Question

Find an equation of the plane that passes through the point (1, 3, 4) and cuts off the smallest volume in the first octant.

Answer 1

Answer:

12x +4y + 3z=36

Step-by-step explanation:

The equation of plane is given by

z-zo = a(x-xo) + b(y-yo)

pass through (1,3,4)

Z -4 = a(x -1) +b(y-3)

The question is asking us to optimize a and b. To minimize the volume V both a and b should be negative as the normal vector should be towards the negative x and y direction so that a finite tetrahedron can be formed in the first octant.

we need x , y and z intercepts o define volume

x intercept( y, z =0) = $\frac{a+3b-4}{a}$

y intercept (x, z =0) = $\frac{a+3b-4}{b}$

z intercept ( x, y =0) = -(a+3b-4)

Base = $\frac{(a+3b-4)^2}{2ab}$

Volume = $\frac{1}{3}*base*height$

Volume(a, b) = $\frac{-(a+3b-4)^3}{6ab}$

now we differentiate partially in terms to a and b the volume to minimize and get a and b.

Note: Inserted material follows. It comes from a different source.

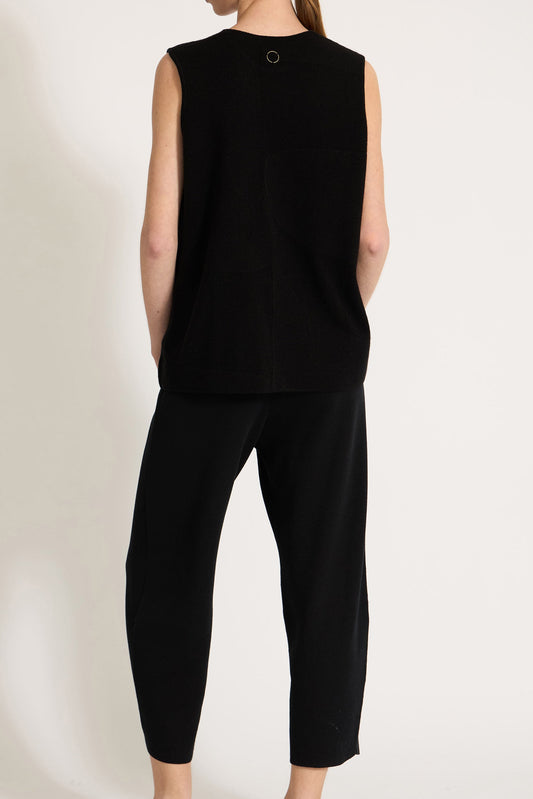 This image features the Duon Top, a stylish and comfortable cashmere knit vest in a subtle black color. The vest is designed with a boxy silhouette and fitted shoulders, creating a relaxed yet fitted look.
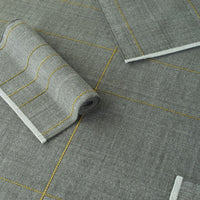 Gray fabric with yellow geometric patterns and stripes, featuring subtle textures and a modern design.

ΔV(a, b) = $\frac{-1}{6}(\frac{3(a+3b-4)^2ab-b(a+3b-4)^3}{a^2b^2}$ ,$\frac{-1}{6}(\frac{9(a+3b-4)^2ab-a(a+3b-4)^3}{a^2b^2}$  = 0

Taking the first part of differential it will give

b(a+3b-4) [3a -(a+3b -4)] =0

(a+3b-4) $\neq 0$ because the volume will become zero if this becomes true

2a -3b = -4  ..................(1)

similarly the second part of the differential will give

a-6b=4 ................(2)

on solving 1 and 2 we get

a = -4 and b = -4/3

so the equation will be

Z -4 = -4(x -1) - 4/3*(y-3)

final equation

12x +4y + 3z=36